How good is this score?

Let us look at the variance of the HDI that is used in practice and the new index we have computed.

# variance in HDI
var(Data1$HDI)

## [1] 0.02334725

# variance of our index
var(F1)

##            [,1]
## [1,] 0.06937682

Let us also visually check if our score helps distinguish countries better than the HDI.

Boxplots

forboxplot<- rbind(cbind(1, Data1$HDI), cbind(2, F1))
## 1 is HDI and 2 is our score
boxplot(forboxplot[,2]~ forboxplot[,1], xlab="indices")

Our score seems slightly better in that it has more variability.
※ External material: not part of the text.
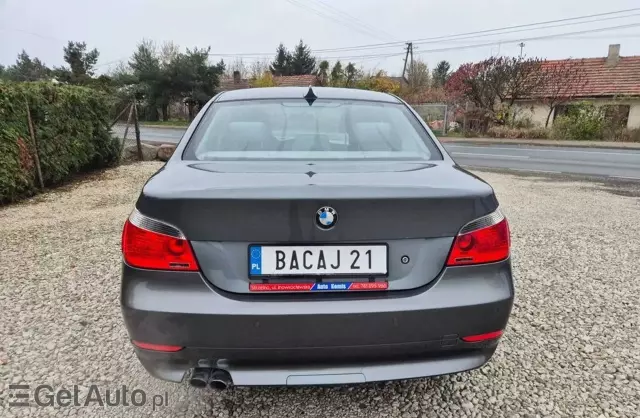 BMW Seria 5 523i (177 KM)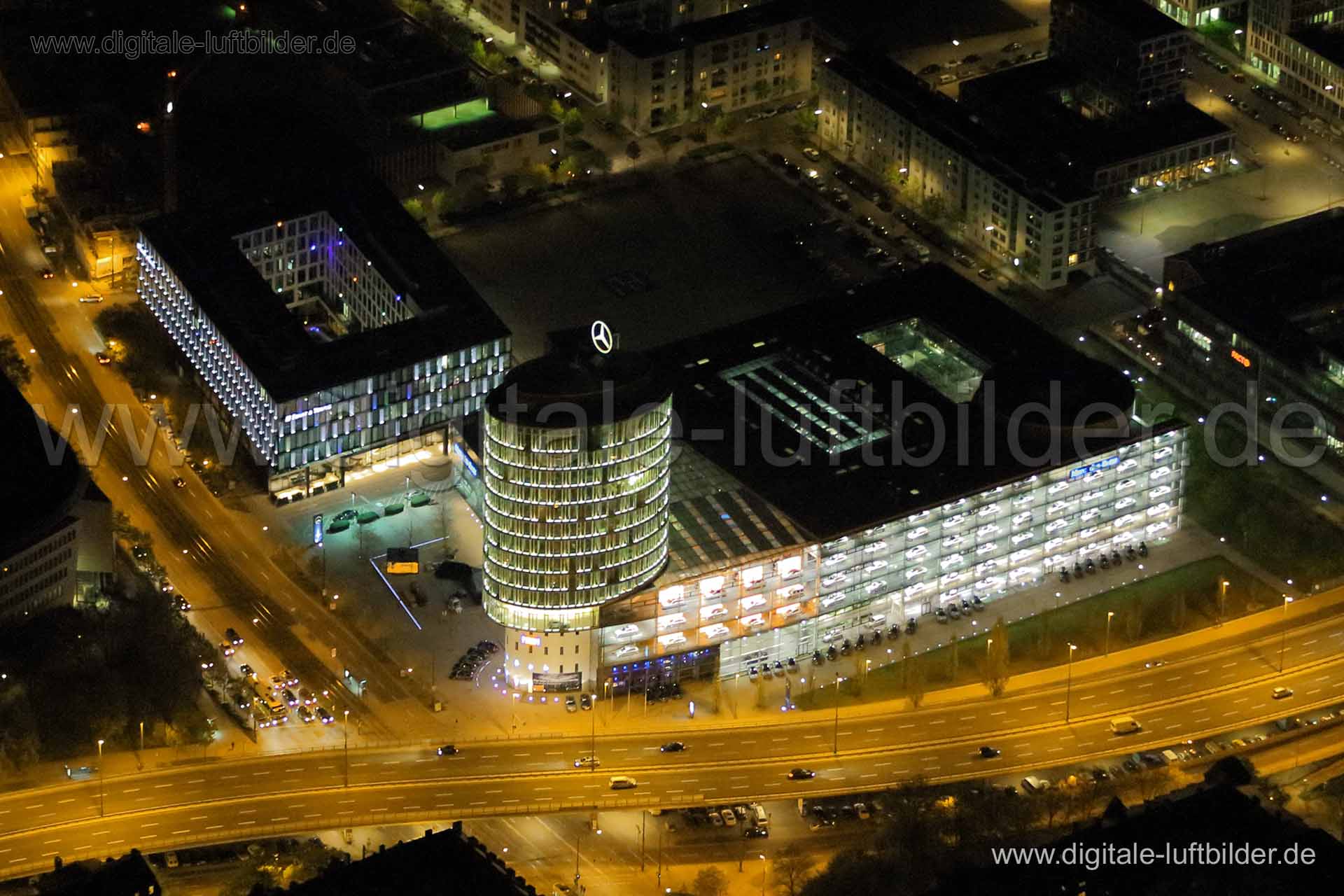 Luftaufnahme Mercedes Benz in München | Oberbayern, Bayern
Let us compare them by bringing them to the same mean.

forboxplot<- rbind(cbind(1, Data1$HDI/mean(Data1$HDI)), cbind(2, F1/mean(F1)))

boxplot(forboxplot[,2]~ forboxplot[,1], xlab="indices")

An exercise

In the above analysis, we created an index obtained as a dot product of the Life, Education and GNI indices. This amounts to a weighted arithmetic mean (up to a constant scalar multiple). However, the HDI uses a geometric mean and our original question was whether we should use equal weights in the geometric mean. Is there a way we could modify the above analysis to check that?